German photographer Peter Nitsch has sent us a selection of his latest series of photos, documenting combined businesses and homes in Bangkok, Thailand.
Called Shophouses – 4 x 8 m Bangkok, the series includes shops, salons and laundrettes usually run from the ground floor of the family home.
The photographs will be on show at Kathmandu Gallery in Thailand 7 August - 26 September.
All photographs are copyright Peter Nitsch.
Here's some more information from the photographer:
Peter Nitsch: SHOPHOUSES – 4 x 8 m Bangkok
Structured Mandelbrot set
"Far from the traffic jams and the go-go bars, Nitsch takes us into the front rooms of the eight million ordinary Thais who are the real Bangkok: busy, chaotic-looking, organised by an impenetrable idiosyncrasyand unashamedly human." – John Burdett, Author
The city as a living space, and that with its related concept of urbanism as a social phenomenon that according to Louis Wirth describes the rationalised lifestyle of urban people in comparison to the provinciality of rural inhabitants, is among the great themes of contemporary photography. Barely uttered, the “magic word” creates in our minds large pictures in which develop the technological aesthetic of urban-building excesses in globalised mega-cities. What we often forget in this respect is a second dimension of urbanism, which embraces the coexistence of various types of people, each with their own identity, in a limited living space. With his SHOPHOUSES – 4 x 8 m Bangkok series of works, Nitsch focuses precisely on this dimension.
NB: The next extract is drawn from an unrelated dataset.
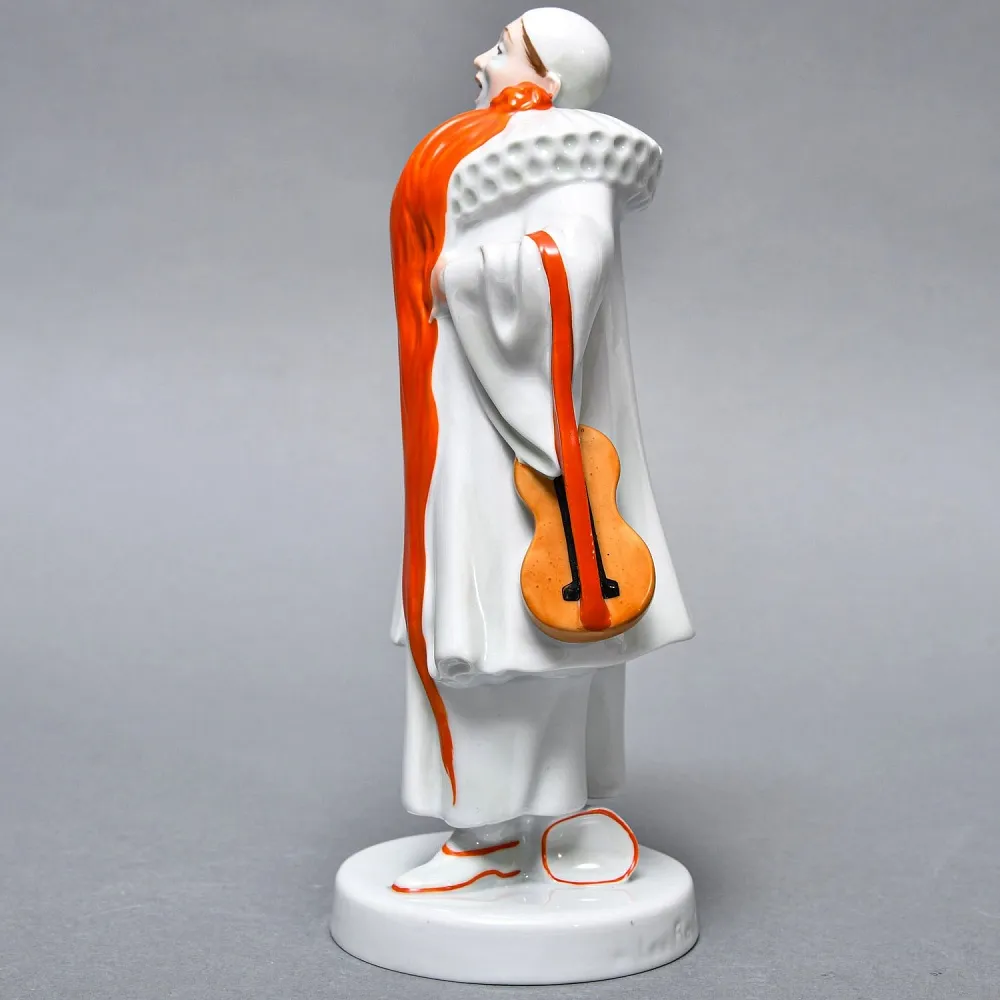 Антикварная Фарфоровая статуэтка «Поющий Пьеро», ROSENTHAL Германия - 1918 год.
Beyond the skyscrapers and neon signs, which also increasingly oust the traditional cityscape of Bangkok, the photographer-artist, who was born in Germany in 1973, grants us an intimate view of the retail businesses that are typical of Southeast Asia and the lives of their owners. For many of them the mostly two-storey shop, that on the lower level is open to the street, is workplace and living space in one. Thus Nitsch’s photographs condense entire lifestyles in cramped surrounding that are often crammed full to the last centimetre and nevertheless radiate an almost meditative peace.
"These SHOPHOUSES captures show the hidden side of working Bangkok few people know: a fascinating world of color, history and industry. I admire Peter Nitsch's sensitive photography that illuminates historic places that I hope will not vanish." – Sujata Massey, Author
This peace is surprising because, as noted by Roman Rahmacher, himself an authority on Asia and picture editor with Gruner + Jahr, it is “diametrically opposed to the Bangkok that I have previously been aware of.” And it is a fact that for European eyes it is only a bewildering confusion at first glance. But if one allows the pictures to make an impression, a fractal pattern with a high degree of similarity is to be gradually recognised in the overfilled rooms, which from the sheer number of objects suddenly makes a structured Mandelbrot set. The chaos becomes a cosmos and thus transforms into its opposite: an orderliness, to which the photographs additionally lend their characteristic power of peace.